When we took over, there was no hope or funds for the commencement of the league. We approached corporate institutions to sponsor the league. We got the greatest rejections. In some cases, we went as far as final negotiation and they started twisting and turning us. Throughout December 2018, we fundraised but hit the brick wall.

The Board members worked around the clock to ensure this league is a milestone.  All of these members were travelling around the country coordinating and organizing at short notices and sometimes leaving their families behind.

In return, for those who are saying the Board members were paid, the Board only got sitting fees of Le 500 000 per sitting. Throughout the tenure of 7 months, the board met and was paid for only 12 sittings. Except for me, who never took a sitting fee.

I want to thank the PLB members very much for putting in the long hours. for putting up with the disdain, accusations and sometimes unfair treatment. Today people are machinating terrible things about us to score cheap political points. What is clear however is that you have served and what has been achieved is monumental. Let’s wait and see if another Board will surpass the goal set.

We are not saying the board was not faced with challenges… in fact, organising football is synonymous to challenges. What we did is to bravely face them and overcome them.


After months of begging for funding and writing to all organizations, it was Rokel Commercial Bank that first agreed to fund the PLB. After receiving our letter and without even meeting with us, they agreed to a Le 15, 000, 000 Leones support.
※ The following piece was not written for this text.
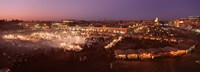 High angle view of a market lit up at dusk, Djemaa El Fna, Medina Quarter, Marrakesh, Morocco Fine Art Print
With no strings attached. The sum could appear small but was a treasury. Thank you, Rokel Commercial Bank.

Then came Sierra Leone Brewery with a Le 50, 000, 000 sponsorship and thanks to Mrs. Aminata Kasim Karew for pushing this through and thank you Sierra Leone brewery.

Finally, the Sierra Leone Commercial Bank further supported the Board with Le 50 million Leones with no strings attached also. Thank you Managing Director Turay for that.

This sum was never enough and could not have even started a league. We turned to the last hope: The Government of Sierra Leone. I met President Bio and explained the circumstances and he asked me how much we needed. Prepared with the budget, I submitted a Le 3.5 billion budget to the President. The president said, “go they will call you.” On my way to Lungi, I got a call from Chief Minister that the President has agreed to support the league with Le. 2 billion.

We were over the moon and the news spread like ambush fire in the Harmattan. Everyone wanted to take credit for the funds but truth be told it was the president who only saw the wisdom in funding the league. Many in government had told us they were not funding the league on grounds of corruption in football.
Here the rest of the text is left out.